You’re not giving me one more damn concussion until Lauren Bacall shows up, okey?
The book is written in first person POV, and the style is really interesting to me—mostly it trundles along in very stark and serviceable prose, sometimes almost police-report-y in its mundanity—“The man did thing X and then thing Y and then thing Z”—and then every now and again a darkly hilarious quip or beautifully apt metaphor suddenly pops up and socks you in the face. It’s a master class in understated, gruff sass.

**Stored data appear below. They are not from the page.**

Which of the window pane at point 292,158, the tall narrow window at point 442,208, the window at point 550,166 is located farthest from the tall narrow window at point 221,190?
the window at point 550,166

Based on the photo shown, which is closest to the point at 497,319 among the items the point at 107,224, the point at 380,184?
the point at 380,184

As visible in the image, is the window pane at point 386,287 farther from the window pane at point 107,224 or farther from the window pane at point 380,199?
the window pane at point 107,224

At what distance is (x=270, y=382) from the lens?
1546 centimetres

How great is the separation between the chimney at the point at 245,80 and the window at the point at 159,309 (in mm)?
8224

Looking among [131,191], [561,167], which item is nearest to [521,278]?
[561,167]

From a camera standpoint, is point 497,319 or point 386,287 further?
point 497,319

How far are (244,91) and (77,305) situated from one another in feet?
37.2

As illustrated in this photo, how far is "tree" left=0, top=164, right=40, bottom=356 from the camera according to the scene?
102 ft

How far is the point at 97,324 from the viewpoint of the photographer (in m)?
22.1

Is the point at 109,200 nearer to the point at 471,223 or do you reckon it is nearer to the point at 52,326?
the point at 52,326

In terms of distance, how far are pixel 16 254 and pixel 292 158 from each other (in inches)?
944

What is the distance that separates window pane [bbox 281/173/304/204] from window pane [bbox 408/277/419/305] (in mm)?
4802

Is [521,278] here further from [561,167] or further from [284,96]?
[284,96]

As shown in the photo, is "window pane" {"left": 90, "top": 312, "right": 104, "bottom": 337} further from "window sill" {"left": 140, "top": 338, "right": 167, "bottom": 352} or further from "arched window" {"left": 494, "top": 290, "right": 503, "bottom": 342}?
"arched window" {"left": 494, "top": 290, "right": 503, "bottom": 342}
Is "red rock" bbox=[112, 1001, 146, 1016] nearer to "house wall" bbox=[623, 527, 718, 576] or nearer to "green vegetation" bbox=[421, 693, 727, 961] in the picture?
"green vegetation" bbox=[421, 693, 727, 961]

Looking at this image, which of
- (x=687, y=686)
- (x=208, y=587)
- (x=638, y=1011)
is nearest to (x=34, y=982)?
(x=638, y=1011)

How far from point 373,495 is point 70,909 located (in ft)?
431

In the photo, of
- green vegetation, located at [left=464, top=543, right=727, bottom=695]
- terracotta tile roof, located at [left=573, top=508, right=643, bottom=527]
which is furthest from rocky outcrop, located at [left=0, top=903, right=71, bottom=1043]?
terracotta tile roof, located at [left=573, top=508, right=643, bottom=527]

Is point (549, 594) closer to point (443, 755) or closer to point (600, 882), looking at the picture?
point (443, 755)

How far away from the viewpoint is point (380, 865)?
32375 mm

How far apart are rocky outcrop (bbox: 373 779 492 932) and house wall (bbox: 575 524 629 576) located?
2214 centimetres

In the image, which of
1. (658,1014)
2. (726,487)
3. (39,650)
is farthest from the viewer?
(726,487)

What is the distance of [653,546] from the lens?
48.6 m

For all the getting concussed and people dying, this isn’t really a very action-packed book. The middle is a bit, most notably featuring an exciting escape from being drugged and fraudulently imprisoned in a possibly-illegal private rehab clinic, but most of it is Marlowe and various cops and the aforementioned dangerous beautiful women standing around theorizing gruffly and drinking a lot, or questioning old ladies and drinking a lot, or philosophizing about bugs and drinking a lot.

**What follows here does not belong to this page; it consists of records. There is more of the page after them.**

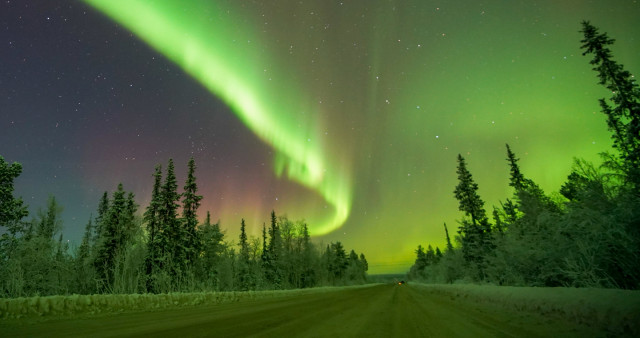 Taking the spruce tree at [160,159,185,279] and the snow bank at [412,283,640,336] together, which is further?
the spruce tree at [160,159,185,279]

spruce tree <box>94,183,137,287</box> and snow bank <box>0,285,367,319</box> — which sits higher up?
spruce tree <box>94,183,137,287</box>

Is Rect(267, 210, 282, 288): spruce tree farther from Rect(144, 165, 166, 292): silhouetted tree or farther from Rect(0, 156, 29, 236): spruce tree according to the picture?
Rect(0, 156, 29, 236): spruce tree

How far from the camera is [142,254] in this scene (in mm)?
27688

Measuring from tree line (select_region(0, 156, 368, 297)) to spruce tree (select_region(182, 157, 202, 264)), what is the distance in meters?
0.12

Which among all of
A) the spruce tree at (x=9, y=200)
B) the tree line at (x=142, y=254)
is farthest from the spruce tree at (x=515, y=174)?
the spruce tree at (x=9, y=200)

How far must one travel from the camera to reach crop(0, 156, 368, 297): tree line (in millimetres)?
22138

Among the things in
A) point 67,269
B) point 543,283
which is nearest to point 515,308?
point 543,283

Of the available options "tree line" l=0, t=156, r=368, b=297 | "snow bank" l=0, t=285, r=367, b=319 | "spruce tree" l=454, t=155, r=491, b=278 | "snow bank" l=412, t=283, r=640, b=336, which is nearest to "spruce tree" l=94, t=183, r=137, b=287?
"tree line" l=0, t=156, r=368, b=297

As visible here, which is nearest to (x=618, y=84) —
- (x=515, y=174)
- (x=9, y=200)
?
(x=515, y=174)

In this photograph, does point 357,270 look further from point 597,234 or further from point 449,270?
point 597,234

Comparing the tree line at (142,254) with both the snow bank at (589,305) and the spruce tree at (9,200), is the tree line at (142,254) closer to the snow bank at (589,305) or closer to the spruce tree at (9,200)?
the spruce tree at (9,200)

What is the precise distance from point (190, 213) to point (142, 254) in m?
10.1

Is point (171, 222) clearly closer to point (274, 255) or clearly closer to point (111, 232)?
point (111, 232)

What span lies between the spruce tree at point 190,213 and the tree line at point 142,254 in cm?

With Marlowe trying to do two things in one novel—the first thing being to look for Malloy’s ex-girlfriend Velma while the cops look for Mallow, and the other is to figure out who killed Lindsay Marriott and why—it is somewhat inevitable that the two cases would wind up being connected, so I was not particularly shocked when this happened, but I admit to finding it quite satisfying and suspenseful figuring out how they were connected. It’s not at all obvious, but it doesn’t rely on hiding important stuff Marlowe knows from the reader until the reveal, either. So I feel it was a structurally sound mystery story.

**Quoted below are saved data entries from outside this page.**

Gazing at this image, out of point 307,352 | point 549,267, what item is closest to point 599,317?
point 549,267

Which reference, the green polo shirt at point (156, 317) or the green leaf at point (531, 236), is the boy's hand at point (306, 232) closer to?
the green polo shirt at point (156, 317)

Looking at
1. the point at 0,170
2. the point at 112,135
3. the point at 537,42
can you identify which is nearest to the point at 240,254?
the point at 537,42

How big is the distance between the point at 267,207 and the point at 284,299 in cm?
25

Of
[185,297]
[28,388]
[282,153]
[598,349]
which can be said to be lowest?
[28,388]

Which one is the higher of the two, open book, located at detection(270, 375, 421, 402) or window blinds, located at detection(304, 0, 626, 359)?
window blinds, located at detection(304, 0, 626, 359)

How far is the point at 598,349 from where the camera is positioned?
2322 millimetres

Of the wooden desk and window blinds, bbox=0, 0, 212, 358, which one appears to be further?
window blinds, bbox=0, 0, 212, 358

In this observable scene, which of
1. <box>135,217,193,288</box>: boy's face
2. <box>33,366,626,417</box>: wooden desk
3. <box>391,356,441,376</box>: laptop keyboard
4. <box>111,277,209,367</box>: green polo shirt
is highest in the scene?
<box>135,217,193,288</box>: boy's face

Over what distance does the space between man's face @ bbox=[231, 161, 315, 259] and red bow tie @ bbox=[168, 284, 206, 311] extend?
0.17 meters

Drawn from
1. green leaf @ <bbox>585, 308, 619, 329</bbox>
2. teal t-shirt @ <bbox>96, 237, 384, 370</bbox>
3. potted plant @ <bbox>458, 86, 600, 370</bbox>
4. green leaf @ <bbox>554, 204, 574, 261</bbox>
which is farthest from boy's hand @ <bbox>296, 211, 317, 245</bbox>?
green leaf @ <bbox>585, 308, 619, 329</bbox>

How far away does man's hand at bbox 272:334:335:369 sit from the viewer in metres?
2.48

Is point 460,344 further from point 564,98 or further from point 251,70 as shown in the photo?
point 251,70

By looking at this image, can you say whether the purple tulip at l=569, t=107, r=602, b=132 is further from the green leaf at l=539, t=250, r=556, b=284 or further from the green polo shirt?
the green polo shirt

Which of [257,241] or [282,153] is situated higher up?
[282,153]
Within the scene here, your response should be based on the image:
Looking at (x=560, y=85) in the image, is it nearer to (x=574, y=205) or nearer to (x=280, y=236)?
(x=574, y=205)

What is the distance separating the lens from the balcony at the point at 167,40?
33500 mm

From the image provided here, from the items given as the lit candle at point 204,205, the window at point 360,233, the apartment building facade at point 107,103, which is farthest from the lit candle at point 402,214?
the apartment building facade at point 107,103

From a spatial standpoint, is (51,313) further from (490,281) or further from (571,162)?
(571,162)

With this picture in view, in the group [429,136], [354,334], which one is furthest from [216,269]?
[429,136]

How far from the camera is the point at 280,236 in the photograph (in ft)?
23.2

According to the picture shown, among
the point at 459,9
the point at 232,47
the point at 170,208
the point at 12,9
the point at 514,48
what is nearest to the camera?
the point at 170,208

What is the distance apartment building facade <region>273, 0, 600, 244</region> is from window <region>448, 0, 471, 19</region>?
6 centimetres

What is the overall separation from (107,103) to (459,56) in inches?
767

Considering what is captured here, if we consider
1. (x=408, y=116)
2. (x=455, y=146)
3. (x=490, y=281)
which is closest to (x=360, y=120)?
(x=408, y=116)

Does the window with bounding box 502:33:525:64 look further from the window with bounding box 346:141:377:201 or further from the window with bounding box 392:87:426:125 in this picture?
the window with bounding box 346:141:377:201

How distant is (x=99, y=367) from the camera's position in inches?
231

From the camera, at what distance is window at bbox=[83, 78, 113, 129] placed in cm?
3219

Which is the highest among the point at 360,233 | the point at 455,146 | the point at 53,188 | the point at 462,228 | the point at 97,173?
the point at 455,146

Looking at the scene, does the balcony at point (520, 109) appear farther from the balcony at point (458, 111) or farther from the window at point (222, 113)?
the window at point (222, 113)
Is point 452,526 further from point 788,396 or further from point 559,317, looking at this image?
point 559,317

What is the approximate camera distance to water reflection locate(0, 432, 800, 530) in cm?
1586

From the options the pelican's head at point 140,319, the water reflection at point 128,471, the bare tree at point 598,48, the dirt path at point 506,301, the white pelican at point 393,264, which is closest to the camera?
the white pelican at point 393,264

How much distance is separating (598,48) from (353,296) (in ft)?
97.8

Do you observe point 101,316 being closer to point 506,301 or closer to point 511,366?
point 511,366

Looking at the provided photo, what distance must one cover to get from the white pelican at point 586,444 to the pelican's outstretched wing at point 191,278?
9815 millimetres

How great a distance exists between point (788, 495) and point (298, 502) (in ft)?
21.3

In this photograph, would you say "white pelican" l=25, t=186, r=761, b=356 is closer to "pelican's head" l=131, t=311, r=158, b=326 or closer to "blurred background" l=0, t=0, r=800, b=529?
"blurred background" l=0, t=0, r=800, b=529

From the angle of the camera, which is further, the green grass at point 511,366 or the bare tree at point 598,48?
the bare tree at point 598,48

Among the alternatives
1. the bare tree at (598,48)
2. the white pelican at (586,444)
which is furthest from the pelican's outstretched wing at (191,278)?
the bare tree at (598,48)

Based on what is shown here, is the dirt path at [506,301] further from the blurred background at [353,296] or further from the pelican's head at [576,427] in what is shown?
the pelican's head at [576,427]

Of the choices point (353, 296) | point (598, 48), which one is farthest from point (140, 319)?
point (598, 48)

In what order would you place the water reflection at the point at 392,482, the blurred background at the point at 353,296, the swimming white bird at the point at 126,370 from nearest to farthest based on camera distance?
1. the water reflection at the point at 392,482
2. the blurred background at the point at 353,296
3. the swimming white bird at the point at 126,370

I will admit that at no point did I get super excited about this book, even though I usually love noiry stuff with gangs and murders and mysteries and drinks, but this may have been a result of me having to read it in tiny drips and drabs of time around a massively increased work schedule and all the prep I needed to do before going to Paris tomorrow (eeeee!). It’s a sharp quiet dark little book about a sharp quiet dark little PI, and I’m glad I read it, although I wish I’d been able to give it the time I suspect it deserves.